- ACTIVITY -
Transcribe the listing below word for word.

- PROVIDED MATERIAL -
# # # # #
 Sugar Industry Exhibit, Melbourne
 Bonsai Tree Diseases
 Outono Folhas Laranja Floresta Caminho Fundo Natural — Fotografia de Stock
# # # # #
- SOLUTION -
 Sugar Industry Exhibit, Melbourne
 Bonsai Tree Diseases
 Outono Folhas Laranja Floresta Caminho Fundo Natural — Fotografia de Stock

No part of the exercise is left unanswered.